I have no doubt you could hire any number of consulting firms to do this work for you, or you could do your own work using some logical combination of approaches. The ratios are right out of b-school :).
As a CFO, when I get this kind of question from my board, I always focus on core earnings, organic growth, and free cash flow. But that's just me.
Much further down the page, John suggested this Quality Of Earnings presentation from Tony Enlow, which is really worth taking a look at:
As noted by Mr. Frey, there is no standard for a quality of earnings report.
I associate this terminology with the lower middle market PE firms. In the middle market and above, PE firms generally engage CPA firms or consultants to perform "financial due diligence." In the lower middle market, the PE firms frequently ask for "Quality of Earnings" reports which are, presumably, more limited in scope and lower in cost.

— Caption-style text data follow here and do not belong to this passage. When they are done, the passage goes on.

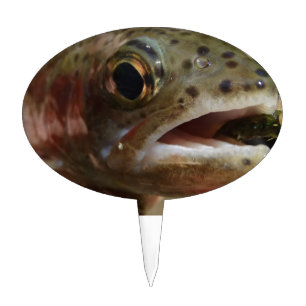Trout in Hands Cake Topper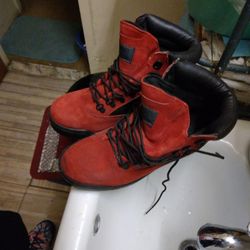Red Timberland Boots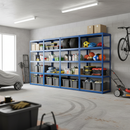 4x Premium Garage Shelving 2130mm | 280kg Per Shelf | Boltless Steel Racking UK
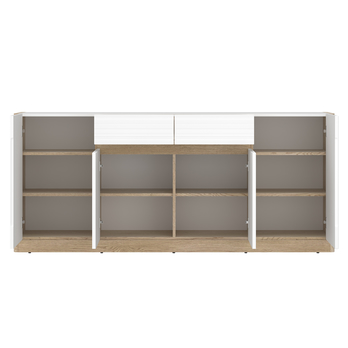 Komoda CALIMA dub cremona/alpská biela, šírka 186 cm 1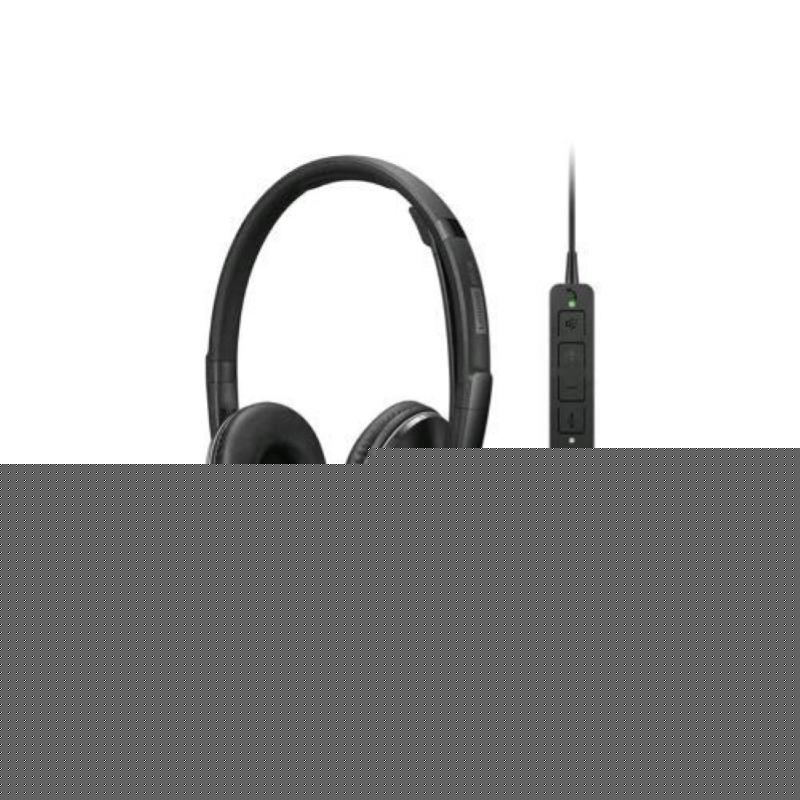 Lenovo gen 2 cuffie con microfono over ear cablato usb-c nero certificato per i team microsoft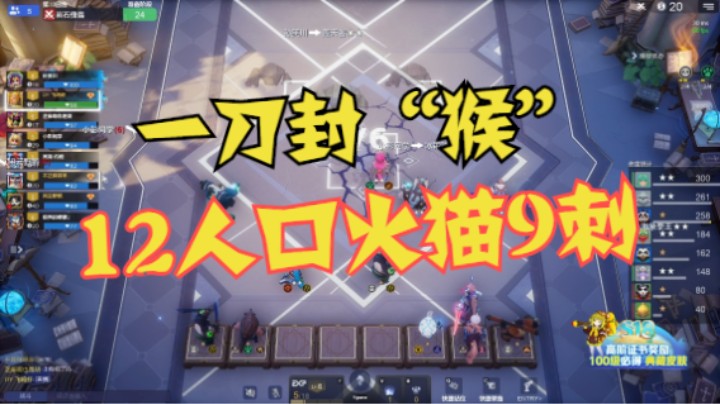 12人口火猫9刺——一刀封“猴”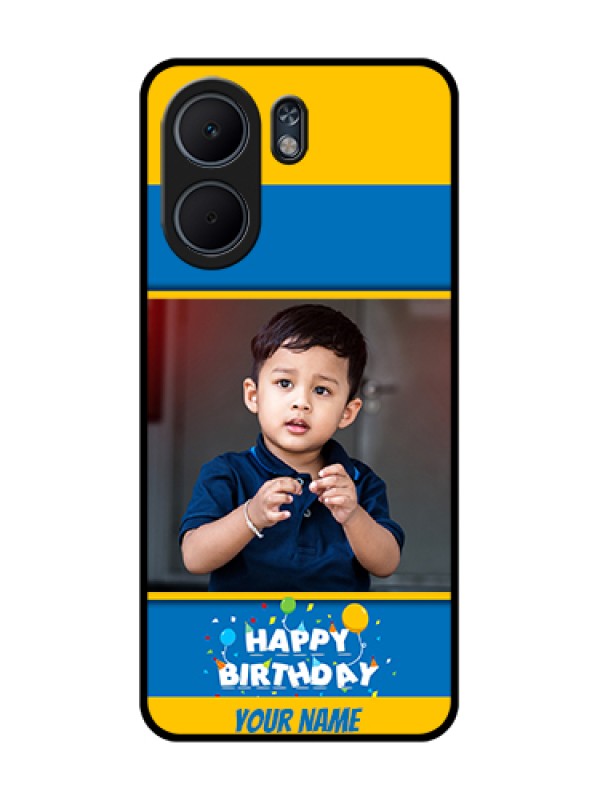Custom Oppo A5x 5G Custom Glass Phone Case - Birthday Wishes Design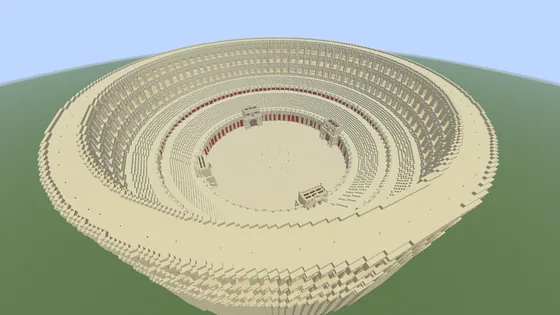 Roman Colosseum Structure Minecraft schematic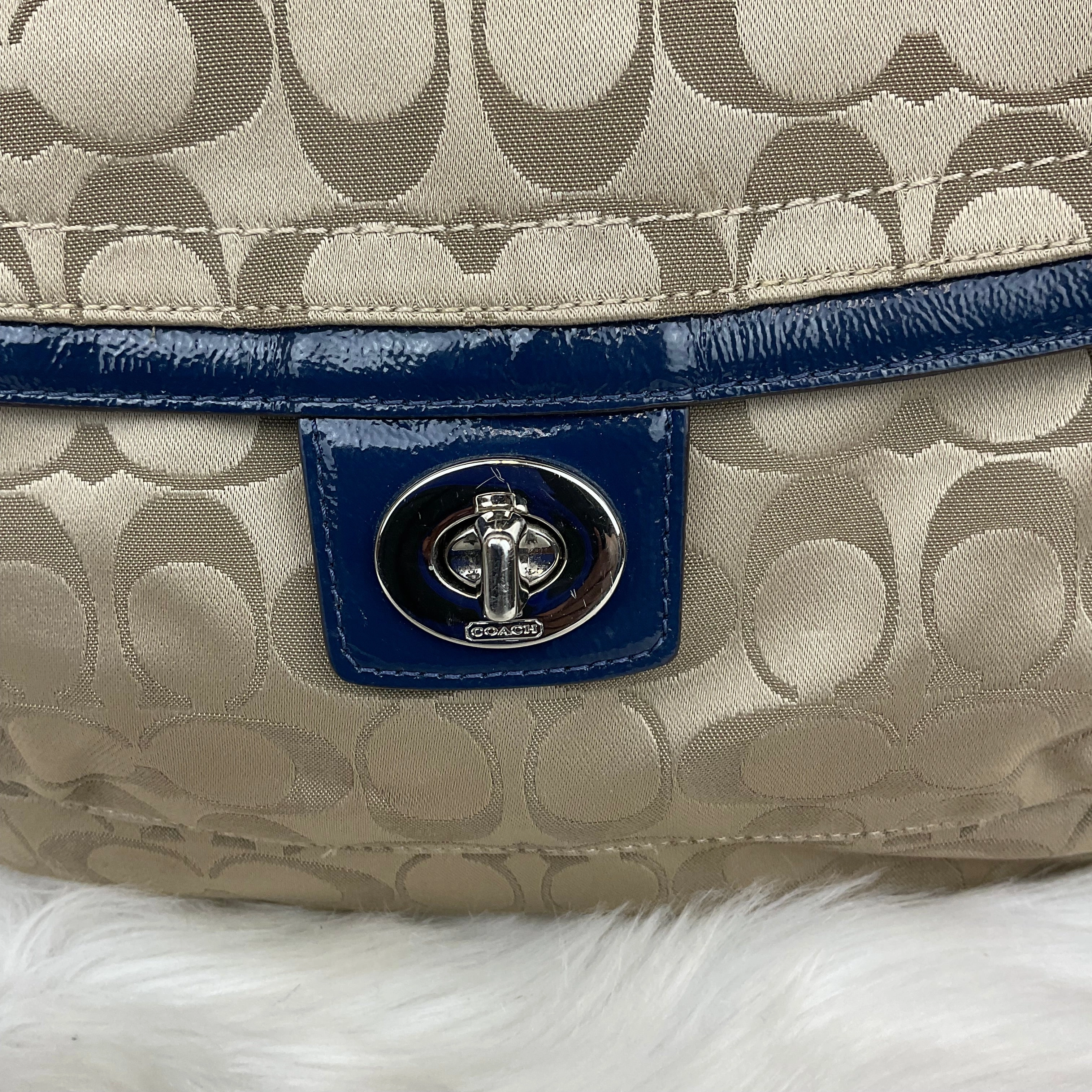 Handbag Designer By Coach, Size: Medium
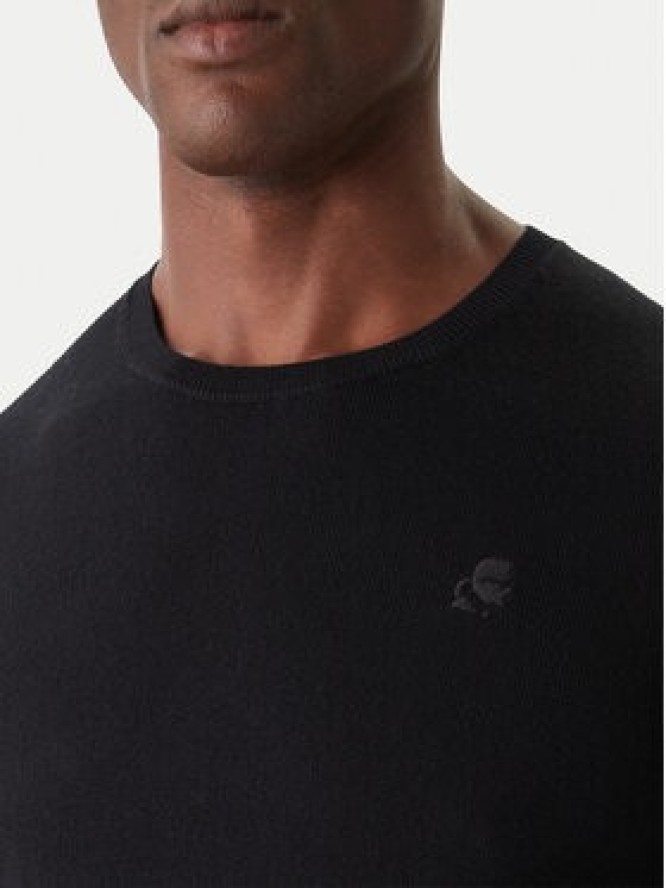 KARL LAGERFELD Sweter 655000 554399 Czarny Slim Fit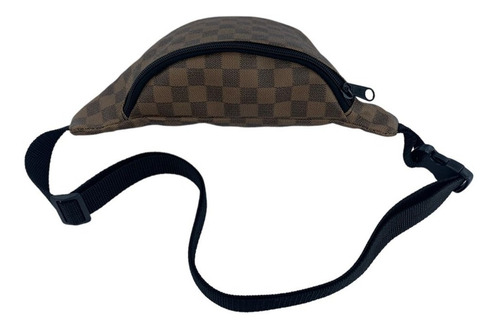 Pochete Tiracolo De Cintura Transversal Ombro Necessaire Bag Cor Marrom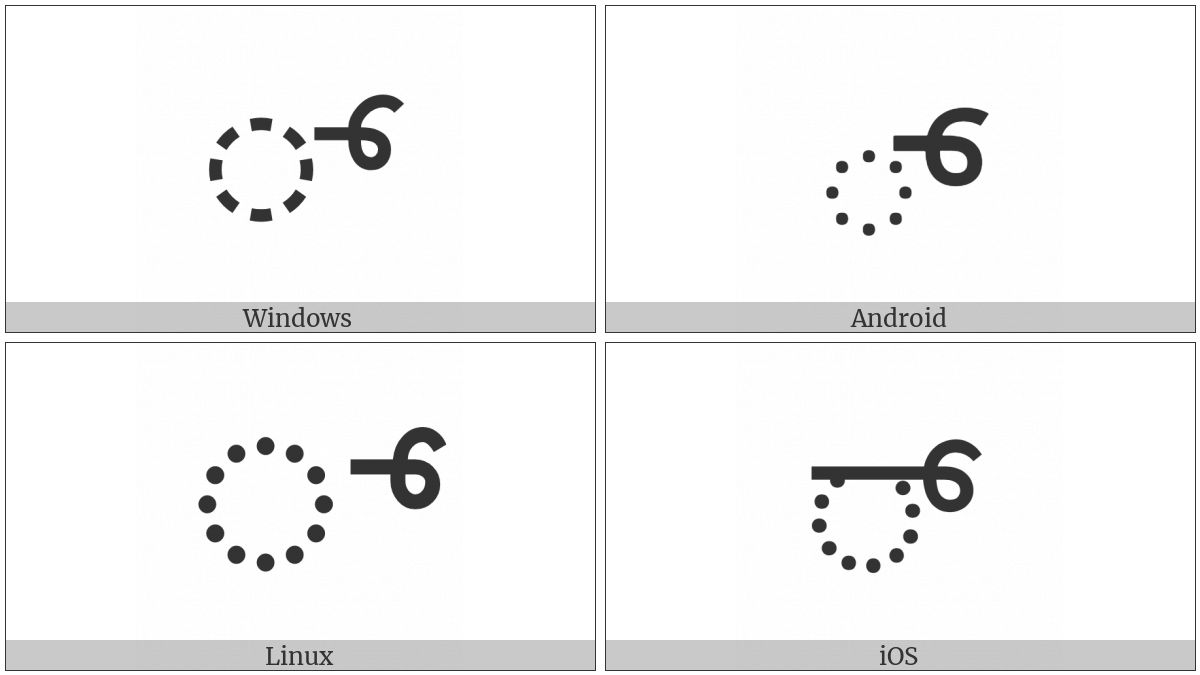 Kannada Sign Virama on various operating systems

Normally, the PE firm would engage its own advisors to provide them with this report, based on analysis of the company's financial information, policies, etc.
The question suggests, however, that the PE firm is still in the early stages and is looking for more information directly from the company. Their focus is likely to be on EBITDA, normalized to exclude nonrecurring items and costs that will be eliminated or reduced as part of the proposed transaction (excess compensation to owners, etc.).
The best thing you can do is to ask them what they are looking for, then deliver exactly what they need.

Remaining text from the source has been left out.